In addition to terminating the tenancy and filing a retaliatory eviction action, the landlord disputed the tenant’s ability to seek redress at the Oakland Rent Board on the theory that the Oakland Rent Ordinance did not cover the tenant because she rented a room in a single-family home, which are exempt from rent control by state law. Specifically, the landlord argued that the tenancy was exempt from Oakland Rent Control under the Costa-Hawkins Act – which exempts single-family homes and condominiums from rent control – and that the tenant only rented a room in the building was irrelevant.
Ultimately, the Oakland Rent Board disagreed and determined the Oakland Rent Ordinance applied as the landlord separately leased bedrooms to individual tenants. In doing so, the landlord chose to transform the single-family home into a multi-unit dwelling.
The landlord’s appeal to the trial court was similarly unsuccessful.
Unsurprisingly, this rental arrangement is widespread in cities with rent control. Thousands of Californians reside in single-family homes and condominiums situated in cities with rent control.
Local Rent Control Protects California Boarding Houses
In upholding the Oakland Rent Board’s determination, the California Court of Appeal focused on the legal definition of a rental or dwelling unit. Indeed, California law draws distinctions between how planning/building codes and landlord/tenant law define and interpret the term dwelling unit. “For purposes of landlord-tenant law as “a structure or the part of a structure that is used as a home, residence, or sleeping place…” Owens v. City of Oakland Housing, Residential Rent and Relocation Board, No. A157663.
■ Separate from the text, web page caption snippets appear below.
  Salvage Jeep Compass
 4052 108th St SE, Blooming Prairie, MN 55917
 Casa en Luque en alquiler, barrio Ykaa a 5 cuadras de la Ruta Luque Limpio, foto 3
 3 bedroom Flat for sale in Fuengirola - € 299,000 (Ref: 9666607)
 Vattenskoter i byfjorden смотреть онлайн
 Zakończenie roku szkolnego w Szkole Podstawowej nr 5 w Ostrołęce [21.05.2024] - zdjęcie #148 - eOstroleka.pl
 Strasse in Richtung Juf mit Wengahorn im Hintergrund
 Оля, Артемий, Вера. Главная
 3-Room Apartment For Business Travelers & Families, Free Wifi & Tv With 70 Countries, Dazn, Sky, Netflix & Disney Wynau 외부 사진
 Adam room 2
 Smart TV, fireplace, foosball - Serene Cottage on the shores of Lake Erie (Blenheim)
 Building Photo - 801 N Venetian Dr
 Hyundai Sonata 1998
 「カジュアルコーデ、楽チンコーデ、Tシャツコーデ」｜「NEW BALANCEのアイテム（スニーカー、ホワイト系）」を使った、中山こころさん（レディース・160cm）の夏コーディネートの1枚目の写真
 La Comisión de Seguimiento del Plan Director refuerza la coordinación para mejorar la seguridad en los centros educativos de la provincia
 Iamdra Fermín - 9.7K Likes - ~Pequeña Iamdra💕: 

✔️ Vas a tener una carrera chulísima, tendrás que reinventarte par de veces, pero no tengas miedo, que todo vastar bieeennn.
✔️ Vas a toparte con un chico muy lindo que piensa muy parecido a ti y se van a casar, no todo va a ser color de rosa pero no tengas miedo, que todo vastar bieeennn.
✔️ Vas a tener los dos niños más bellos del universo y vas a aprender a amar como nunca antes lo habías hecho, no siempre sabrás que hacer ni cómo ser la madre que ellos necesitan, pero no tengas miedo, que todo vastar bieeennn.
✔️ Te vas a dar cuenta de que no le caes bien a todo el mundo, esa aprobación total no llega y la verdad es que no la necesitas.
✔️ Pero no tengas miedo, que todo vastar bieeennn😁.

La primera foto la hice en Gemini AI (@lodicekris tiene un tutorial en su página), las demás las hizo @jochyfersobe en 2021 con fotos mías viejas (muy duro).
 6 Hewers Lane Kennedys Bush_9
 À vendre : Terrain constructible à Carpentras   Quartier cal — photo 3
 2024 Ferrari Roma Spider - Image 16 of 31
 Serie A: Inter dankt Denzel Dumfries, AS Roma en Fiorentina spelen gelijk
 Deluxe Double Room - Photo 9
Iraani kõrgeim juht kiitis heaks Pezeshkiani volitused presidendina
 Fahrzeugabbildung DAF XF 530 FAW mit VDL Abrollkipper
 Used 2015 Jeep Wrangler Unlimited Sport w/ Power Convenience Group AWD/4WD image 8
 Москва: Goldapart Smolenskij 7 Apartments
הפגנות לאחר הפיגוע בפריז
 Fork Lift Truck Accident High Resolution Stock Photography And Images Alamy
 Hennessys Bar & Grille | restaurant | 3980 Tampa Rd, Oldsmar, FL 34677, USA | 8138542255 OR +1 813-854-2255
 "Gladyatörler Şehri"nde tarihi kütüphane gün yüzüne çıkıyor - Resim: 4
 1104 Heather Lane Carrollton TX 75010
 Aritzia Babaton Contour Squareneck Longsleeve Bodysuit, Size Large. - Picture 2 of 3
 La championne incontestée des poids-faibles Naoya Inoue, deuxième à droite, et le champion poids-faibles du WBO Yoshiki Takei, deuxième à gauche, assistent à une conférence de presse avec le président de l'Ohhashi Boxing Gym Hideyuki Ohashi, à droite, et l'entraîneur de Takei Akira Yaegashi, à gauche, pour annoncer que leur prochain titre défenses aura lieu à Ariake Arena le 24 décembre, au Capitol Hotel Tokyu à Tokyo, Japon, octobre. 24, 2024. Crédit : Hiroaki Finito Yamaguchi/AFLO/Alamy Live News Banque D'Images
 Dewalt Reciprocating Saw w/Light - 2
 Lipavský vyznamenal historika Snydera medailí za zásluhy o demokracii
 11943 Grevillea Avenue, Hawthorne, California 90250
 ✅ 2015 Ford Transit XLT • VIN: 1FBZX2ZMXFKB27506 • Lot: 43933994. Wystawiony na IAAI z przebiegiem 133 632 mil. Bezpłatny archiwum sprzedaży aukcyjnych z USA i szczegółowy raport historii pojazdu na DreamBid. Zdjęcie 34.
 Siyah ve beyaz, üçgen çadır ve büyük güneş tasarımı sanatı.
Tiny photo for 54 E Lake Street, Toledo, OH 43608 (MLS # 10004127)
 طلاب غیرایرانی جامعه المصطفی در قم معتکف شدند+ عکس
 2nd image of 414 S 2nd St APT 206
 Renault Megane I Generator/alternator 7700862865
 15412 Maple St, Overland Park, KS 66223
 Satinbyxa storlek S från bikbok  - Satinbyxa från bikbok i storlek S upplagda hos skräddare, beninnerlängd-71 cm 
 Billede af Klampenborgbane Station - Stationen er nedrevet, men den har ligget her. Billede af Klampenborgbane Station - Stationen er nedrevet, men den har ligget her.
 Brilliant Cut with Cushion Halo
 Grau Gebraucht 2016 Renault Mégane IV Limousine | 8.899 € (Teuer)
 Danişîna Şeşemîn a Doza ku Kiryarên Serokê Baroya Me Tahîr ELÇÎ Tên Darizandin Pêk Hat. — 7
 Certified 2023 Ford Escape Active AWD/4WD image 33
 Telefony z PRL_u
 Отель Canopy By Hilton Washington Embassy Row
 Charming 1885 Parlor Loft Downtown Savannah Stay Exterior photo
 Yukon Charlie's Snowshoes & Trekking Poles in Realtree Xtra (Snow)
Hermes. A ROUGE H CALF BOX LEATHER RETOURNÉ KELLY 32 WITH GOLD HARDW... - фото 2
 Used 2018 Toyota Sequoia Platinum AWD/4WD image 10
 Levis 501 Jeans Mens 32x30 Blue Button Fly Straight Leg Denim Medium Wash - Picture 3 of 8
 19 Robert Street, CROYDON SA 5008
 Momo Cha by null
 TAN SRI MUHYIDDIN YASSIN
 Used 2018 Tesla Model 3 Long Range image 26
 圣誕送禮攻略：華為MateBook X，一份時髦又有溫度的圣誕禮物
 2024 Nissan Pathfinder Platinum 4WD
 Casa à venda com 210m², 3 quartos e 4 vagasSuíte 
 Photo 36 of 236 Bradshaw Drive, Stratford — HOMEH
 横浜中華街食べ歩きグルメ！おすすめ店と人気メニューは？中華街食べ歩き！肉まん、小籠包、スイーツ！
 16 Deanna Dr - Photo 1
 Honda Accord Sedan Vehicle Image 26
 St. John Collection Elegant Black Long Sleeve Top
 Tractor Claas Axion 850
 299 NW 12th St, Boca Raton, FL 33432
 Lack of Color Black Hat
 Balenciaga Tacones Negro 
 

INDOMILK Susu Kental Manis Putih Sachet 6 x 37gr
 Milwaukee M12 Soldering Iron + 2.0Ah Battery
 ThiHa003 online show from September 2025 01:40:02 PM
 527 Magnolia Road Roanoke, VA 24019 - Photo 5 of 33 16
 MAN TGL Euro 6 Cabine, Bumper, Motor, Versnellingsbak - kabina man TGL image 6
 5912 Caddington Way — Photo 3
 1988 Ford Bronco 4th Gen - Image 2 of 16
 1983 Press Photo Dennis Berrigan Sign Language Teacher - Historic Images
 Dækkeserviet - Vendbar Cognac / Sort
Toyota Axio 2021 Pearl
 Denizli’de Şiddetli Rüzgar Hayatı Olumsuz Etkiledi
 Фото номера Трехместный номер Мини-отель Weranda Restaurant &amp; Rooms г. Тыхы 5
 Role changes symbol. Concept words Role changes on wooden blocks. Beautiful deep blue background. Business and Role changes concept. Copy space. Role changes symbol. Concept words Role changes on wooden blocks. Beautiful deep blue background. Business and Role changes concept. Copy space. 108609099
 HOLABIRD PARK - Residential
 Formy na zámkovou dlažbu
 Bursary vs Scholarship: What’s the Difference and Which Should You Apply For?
Against this backdrop, the Court of Appeal determined that Costa-Hawkins did not exempt separately rented bedrooms in a single-family home or condominium from rent control since each unit was not itself “separately alienable from the title to any other dwelling unit.” Id. In light of the Court’s opinion, tenants in Oakland, and likely every other city with rent control, renting rooms in boarding homes are not exempt from rent control under the perilous Costa-Hawkins Act.
Please note that the Costa-Hawkins Act continues wreaking havoc on many California tenants, destroying communities, and wresting housing policy control from local cities. The fight to repeal the Costa-Hawkins continues. Click here to join the fight to repeal Costa-Hawkins!
Does Owens Apply to California Rent Control?
In January 2020, California Rent Control, officially known as the California Tenant Protection Act of 2019, extended just cause for eviction protections and rent cap protections statewide. Now, tenants who have resided in covered units for at least a year may have California Rent Control protections. Once owners satisfy certain conditions, California Rent Control expressly exempts single-family homes and condominiums individually owned. Does the Owens holding apply to tenants in boarding houses that are otherwise protected by California Rent Control?
Unfortunately, the Owenscourt failed to answer this question. However, boarding house tenants can use the opinion’s favorable language to illuminate arguments in favor of California Rent Control application. Presumably, the Owens’court language referenced above could apply to boarding house tenants in single-family homes or condominiums. However, California Rent Control has yet to receive court interpretation and possesses a unique statutory construction, which could frustrate short-term Owens’ application. Hopefully, California tenants can establish favorable case law rapidly.